§ **WHAT YOU ARE ASKED TO DO**
Without altering a single word, repeat the records that follow.

§ **RECORDS**
━━━━━━━━━━━━━━━━

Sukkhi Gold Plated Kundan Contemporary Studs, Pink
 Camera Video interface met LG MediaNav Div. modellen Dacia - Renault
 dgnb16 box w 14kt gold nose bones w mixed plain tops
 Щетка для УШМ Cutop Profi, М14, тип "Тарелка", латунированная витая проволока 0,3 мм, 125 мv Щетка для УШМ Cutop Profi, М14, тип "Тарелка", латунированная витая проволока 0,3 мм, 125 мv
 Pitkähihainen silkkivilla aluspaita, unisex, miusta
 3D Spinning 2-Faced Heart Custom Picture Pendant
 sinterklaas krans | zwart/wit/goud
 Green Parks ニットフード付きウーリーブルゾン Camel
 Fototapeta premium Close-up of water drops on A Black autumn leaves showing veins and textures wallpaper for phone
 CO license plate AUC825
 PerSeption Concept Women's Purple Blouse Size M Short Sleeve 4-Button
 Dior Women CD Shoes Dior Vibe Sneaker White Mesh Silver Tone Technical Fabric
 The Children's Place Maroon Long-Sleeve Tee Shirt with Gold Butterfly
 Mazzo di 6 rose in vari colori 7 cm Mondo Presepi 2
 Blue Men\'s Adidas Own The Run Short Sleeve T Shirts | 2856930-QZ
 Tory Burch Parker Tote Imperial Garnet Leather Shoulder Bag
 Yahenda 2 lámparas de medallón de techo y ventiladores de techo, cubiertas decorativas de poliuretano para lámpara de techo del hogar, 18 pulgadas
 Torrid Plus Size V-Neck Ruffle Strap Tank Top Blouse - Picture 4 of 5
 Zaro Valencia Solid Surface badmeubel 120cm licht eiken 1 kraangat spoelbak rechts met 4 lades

━━━━━━━━━━━━━━━━

§ **SOLUTION TO THE EXERCISE**
Sukkhi Gold Plated Kundan Contemporary Studs, Pink
 Camera Video interface met LG MediaNav Div. modellen Dacia - Renault
 dgnb16 box w 14kt gold nose bones w mixed plain tops
 Щетка для УШМ Cutop Profi, М14, тип "Тарелка", латунированная витая проволока 0,3 мм, 125 мv Щетка для УШМ Cutop Profi, М14, тип "Тарелка", латунированная витая проволока 0,3 мм, 125 мv
 Pitkähihainen silkkivilla aluspaita, unisex, miusta
 3D Spinning 2-Faced Heart Custom Picture Pendant
 sinterklaas krans | zwart/wit/goud
 Green Parks ニットフード付きウーリーブルゾン Camel
 Fototapeta premium Close-up of water drops on A Black autumn leaves showing veins and textures wallpaper for phone
 CO license plate AUC825
 PerSeption Concept Women's Purple Blouse Size M Short Sleeve 4-Button
 Dior Women CD Shoes Dior Vibe Sneaker White Mesh Silver Tone Technical Fabric
 The Children's Place Maroon Long-Sleeve Tee Shirt with Gold Butterfly
 Mazzo di 6 rose in vari colori 7 cm Mondo Presepi 2
 Blue Men\'s Adidas Own The Run Short Sleeve T Shirts | 2856930-QZ
 Tory Burch Parker Tote Imperial Garnet Leather Shoulder Bag
 Yahenda 2 lámparas de medallón de techo y ventiladores de techo, cubiertas decorativas de poliuretano para lámpara de techo del hogar, 18 pulgadas
 Torrid Plus Size V-Neck Ruffle Strap Tank Top Blouse - Picture 4 of 5
 Zaro Valencia Solid Surface badmeubel 120cm licht eiken 1 kraangat spoelbak rechts met 4 lades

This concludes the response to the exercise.